Prabowo sendiri tentu gengsi untuk menerima, apalagi memulai rekonsiliasi dengan Jokowi. Selain masalah harga diri, juga tekanan para pendukungnya yang masih saja menginginkan beliau berkuasa dengan berbagai cara, apalagi sampai menggunakan kekuatan massa. Disinilah peran penting SBY dan AHY untuk menjadi jembatan rekonsiliasi karena bisa dianggap netral oleh kedua belah pihak.
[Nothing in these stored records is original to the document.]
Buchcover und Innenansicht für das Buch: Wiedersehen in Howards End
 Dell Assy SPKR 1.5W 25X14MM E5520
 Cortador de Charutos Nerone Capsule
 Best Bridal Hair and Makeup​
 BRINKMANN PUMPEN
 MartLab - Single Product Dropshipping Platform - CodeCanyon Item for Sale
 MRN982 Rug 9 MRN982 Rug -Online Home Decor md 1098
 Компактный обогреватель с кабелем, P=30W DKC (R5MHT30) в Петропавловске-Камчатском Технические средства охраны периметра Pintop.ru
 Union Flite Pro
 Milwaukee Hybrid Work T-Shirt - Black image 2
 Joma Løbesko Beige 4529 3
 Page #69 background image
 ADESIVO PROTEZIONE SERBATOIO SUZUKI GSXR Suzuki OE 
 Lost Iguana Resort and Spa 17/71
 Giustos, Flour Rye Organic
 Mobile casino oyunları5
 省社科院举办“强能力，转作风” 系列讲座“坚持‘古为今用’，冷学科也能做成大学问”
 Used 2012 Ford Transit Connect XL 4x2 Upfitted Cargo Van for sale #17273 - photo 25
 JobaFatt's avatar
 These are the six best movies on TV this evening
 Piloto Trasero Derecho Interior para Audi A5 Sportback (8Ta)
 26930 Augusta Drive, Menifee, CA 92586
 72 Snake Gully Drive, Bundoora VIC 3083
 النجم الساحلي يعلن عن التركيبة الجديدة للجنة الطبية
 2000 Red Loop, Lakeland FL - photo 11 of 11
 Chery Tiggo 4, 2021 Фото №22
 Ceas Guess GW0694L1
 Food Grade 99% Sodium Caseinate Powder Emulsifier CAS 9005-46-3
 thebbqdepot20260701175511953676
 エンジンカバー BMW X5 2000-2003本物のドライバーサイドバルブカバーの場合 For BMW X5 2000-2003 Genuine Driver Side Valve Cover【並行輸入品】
Sementara LBP mem-backup di belakang layar karena masih menjadi bagian dari pemerintah walau secara pribadi sangat dekat dengan Prabowo.
SBY bisa kembali membujuk Prabowo sebagai sesama alumni Akabri, sementara AHY bisa lebih intensif mendekati Jokowi. Ini tentu sebuah tantangan tersendiri, terutama untuk membujuk Prabowo karena sulitnya beliau keluar dari kungkungan para pendukung fanatiknya sendiri. Hanya SBY dan LBP yang mungkin bisa melunakkan hati beliau untuk bersedia bertemu dengan Jokowi. Jalan AHY sendiri relatif lebih mudah karena sudah ada sinyal positif dari Jokowi untuk bertemu dengan Prabowo.
Keberhasilan rekonsiliasi ini tentu akan menaikkan kembali pamor Partai Demokrat yang jeblok di pileg 2019 ini, sekaligus juga mengangkat nama AHY sebagai penantang kuat pilpres 2024 seperti sudah tercermin dalam plat nomor mobilnya. Citra AHY akan meningkat karena kemampuannya untuk mendamaikan kedua pihak yang berseteru, persis seperti ayahnya yang memang jago untuk merangkul lawan tanpa harus menjatuhkan.
Kestabilan politik era SBY tak lepas dari kemampuan SBY untuk meredam gejolak dengan memegang para tokoh kunci untuk tidak bersikap macam-macam. Karakter inilah sepertinya yang diturunkan pada AHY untuk menjadi penerus beliau lima tahun mendatang. Bukan tidak mungkin kesuksesan rekonsiliasi nanti akan mengantarnya menuju kursi presiden mendatang. Disinilah pertaruhan terakhir AHY dan SBY untuk mengangkat kembali citra partai Demokrat di mata publik, sebagai rekonsiliator dan pemersatu bangsa di mata rakyat.
Kita hanya berharap rekonsiliasi tersebut berhasil dengan baik tanpa harus jatuh korban lagi pasca keputusan MK nanti. Siapapun aktornya, kesatuan bangsa lebih penting daripada kepentingan seseorang atau partai tertentu hanya untuk kepentingan kekuasaan jangka pendek.